Tell me if there's a better way to go about this...

I've put together a little code already to pull genre's from two sources; iTunes and Last.fm. I can merge the results together and keep the most popular two (or three or whatever) - this part hasn't been done yet.

Initially, I dumped out my song list to a file, and wrote something to read that file and query the iTunes API for each artist/song. I wrote the results to an output file where I produced the following:

Artist|Title|PathFilename|Year|NewYear|Genre|NewGenre

The idea being, I could then use MP3Tag (or some other tool) to read that file, match on PathFilename, and determine whether to use NewGenre, keep the original (Genre), or somehow blend the two.

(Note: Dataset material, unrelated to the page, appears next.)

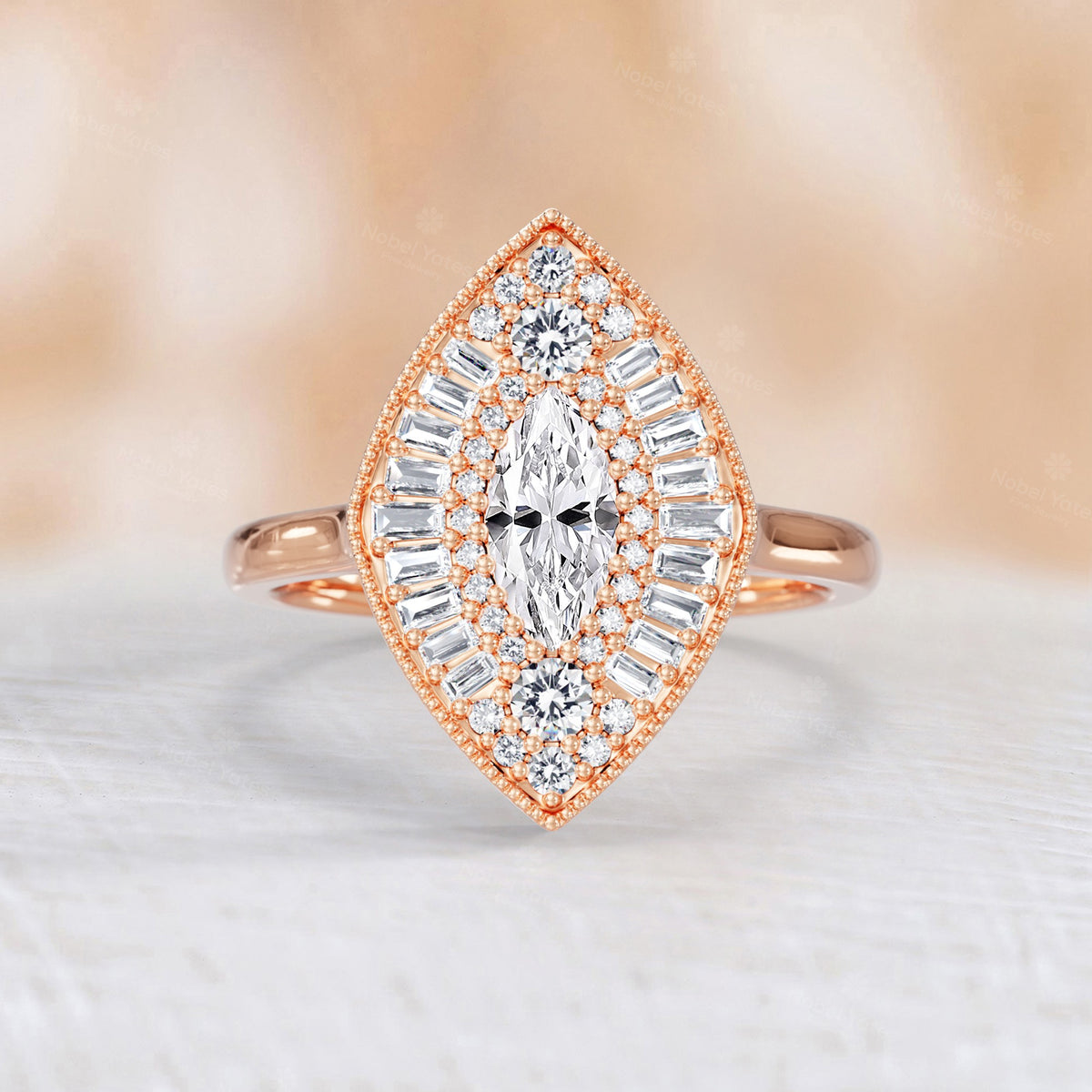 Marquise Mosaic Lab Diamond Baguette Halo Ring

I'm aware of Convert->TextFile to Tag, and considered using that to accomplish this, but before spending much more time on this, I wanted to hear what other ideas people had.

The key points here are:

  • iTunes doesn't have every song
  • Last.fm doesn't have every song
  • I'd like to do this at an artist/track level, not an artist level
  • Some "filtering" will need to be done, as Last.fm sometimes provides an artists name as a genre

I would think that if a source does not supply data for a file, the record would be empty or you still have the same data as before. This should not do any harm.
Any comparison between fields can be done with Mp3tag. And if you write the new data to a user-defined field, the original data stays in the original field until you take the initiative to overwrite it.
I wonder why the whole effort spins around GENRE as this is one of the most unsecure pieces of data as it depends a lot on taste.
What thoughts did you want to hear?

I was hoping to get suggestions on ways to update the tags once I have the data, and of course, suggestions on apps/scripts/etc. that may already be available to do what I'm after.

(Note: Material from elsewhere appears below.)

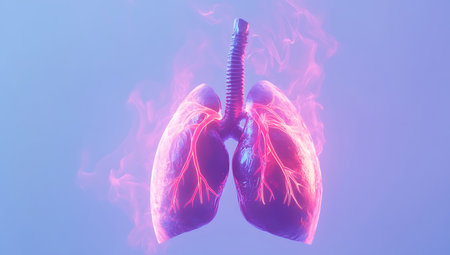 Human lungs. 3D illustration, 3D CG. High resolution.の素材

My thought is that it would be beneficial to hit 3 or 4 sources, and assume the most popular data is the most accurate. So, with four sources, if 3 say a song is rap, and one says hip-hop, go with rap. I realize that's simplistic, and it could be two & two, but the point being, assume the popular opinion is the right one.

One thought I have is to write something that will:

  • navigate each directory (Artist\Album[CDx]\Track - Artist - Title.ext)
  • make the API calls (to multiple sources) for each track
  • write a file to that directory that could be used with MP3Tag Text File -> Tag

The assumption being that I could drag a lot of folders into MP3Tag, highlight them, run that operation, they would pull from the file in their folder, and I could undo things if they looked strange.

Or, is there a better method to doing this? It might make sense to say that I'm really only interested in a handful or so of genres (country, rap, rock, classical, holiday, etc.). I'd rather have 7 or 8 unique genres than 30 or 40.